Section 7. 	Proprietary and Confidential Information. Unified agrees on
behalf of itself and its employees to treat confidentially and as proprietary
information of the Fund, all records and other information relative to the
Fund's prior, present or potential shareholders, and to not use such records
and information for any purpose other than performance of Unified's
responsibilities and duties hereunder. Unified may seek a waiver of such
confidentiality provisions by furnishing reasonable prior notice to the Fund
and obtaining approval in writing from the Fund, which approval shall not be
unreasonably withheld and may not be withheld where the service agent may be
exposed to civil or criminal contempt proceedings for failure to comply, when
requested to divulge such information by duly constituted authorities. Waivers
of confidentiality are automatically effective without further action by
Unified with respect to Internal Revenue Service levies, subpoenas and similar
actions, or with respect to any request by the Fund.
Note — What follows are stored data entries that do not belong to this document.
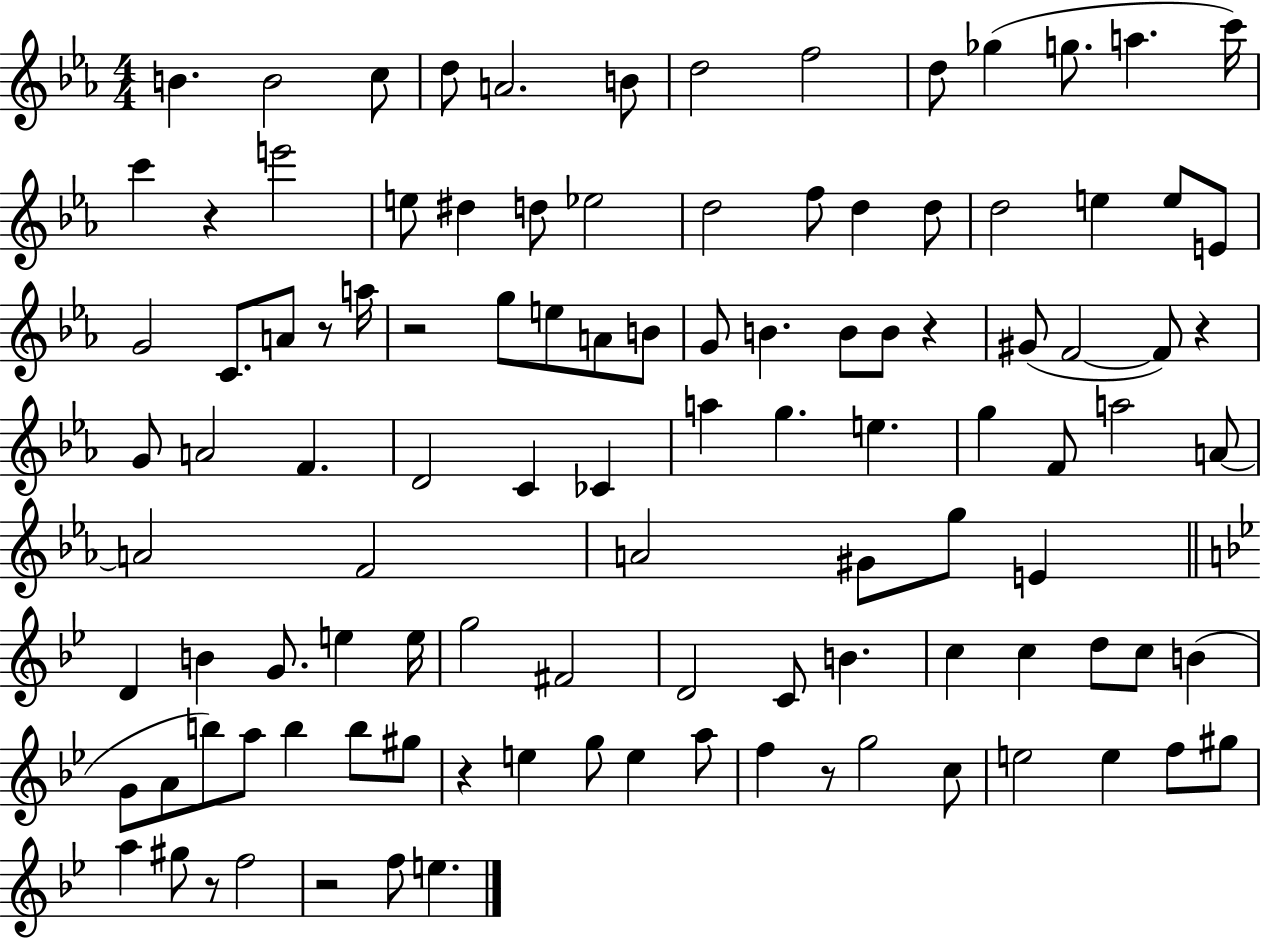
{
  \clef treble
  \numericTimeSignature
  \time 4/4
  \key ees \major
  b'4. b'2 c''8 | d''8 a'2. b'8 | d''2 f''2 | d''8 ges''4( g''8. a''4. c'''16) | \break c'''4 r4 e'''2 | e''8 dis''4 d''8 ees''2 | d''2 f''8 d''4 d''8 | d''2 e''4 e''8 e'8 | \break g'2 c'8. a'8 r8 a''16 | r2 g''8 e''8 a'8 b'8 | g'8 b'4. b'8 b'8 r4 | gis'8( f'2~~ f'8) r4 | \break g'8 a'2 f'4. | d'2 c'4 ces'4 | a''4 g''4. e''4. | g''4 f'8 a''2 a'8~~ | \break a'2 f'2 | a'2 gis'8 g''8 e'4 | \bar "||" \break \key bes \major d'4 b'4 g'8. e''4 e''16 | g''2 fis'2 | d'2 c'8 b'4. | c''4 c''4 d''8 c''8 b'4( | \break g'8 a'8 b''8) a''8 b''4 b''8 gis''8 | r4 e''4 g''8 e''4 a''8 | f''4 r8 g''2 c''8 | e''2 e''4 f''8 gis''8 | \break a''4 gis''8 r8 f''2 | r2 f''8 e''4. | \bar "|."
}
Section 8.      Duties, Responsibilities and Limitations of Liability.

(a)     In the event performance of its duties hereunder, Unified shall be
obligated to exercise due care and diligence, and to act in good faith in
performing the services provided for under this Agreement. In performing its
services hereunder, Unified shall be entitled to rely on any oral or written
instructions, notices or other communications from the Fund and its Custodian,
officers and Trustees, investors, agents and other service providers which
Unified reasonably believes to be genuine, valid and authorized. Unified shall
also be entitled to consult with and rely on the advice and opinions of
outside legal counsel retained by the Fund, as necessary or appropriate.

(b)	Unified shall not be liable for any error of judgment or mistake of
law or for any loss or expense suffered by the Fund, in connection with the
matters to which this Agreement relates, except for a loss or expense solely
caused by or resulting from willful misfeasance, bad faith or negligence on
Unified's part in the performance of its duties or from reckless disregard by
Unified of its obligations and duties under this Agreement. Any person, even
though also an officer, director, partner, employee or agent of Unified, who
may be or become an officer, director, partner, employee or agent of the Fund,
shall be deemed when rendering services to the Fund or acting on any business
of the Fund (other than services or business in connection with Unified's
duties hereunder) to be rendering such services to or acting solely for the
Fund and not as an officer, director, partner, employee or agent or person
under the control or direction of Unified even though paid by Unified.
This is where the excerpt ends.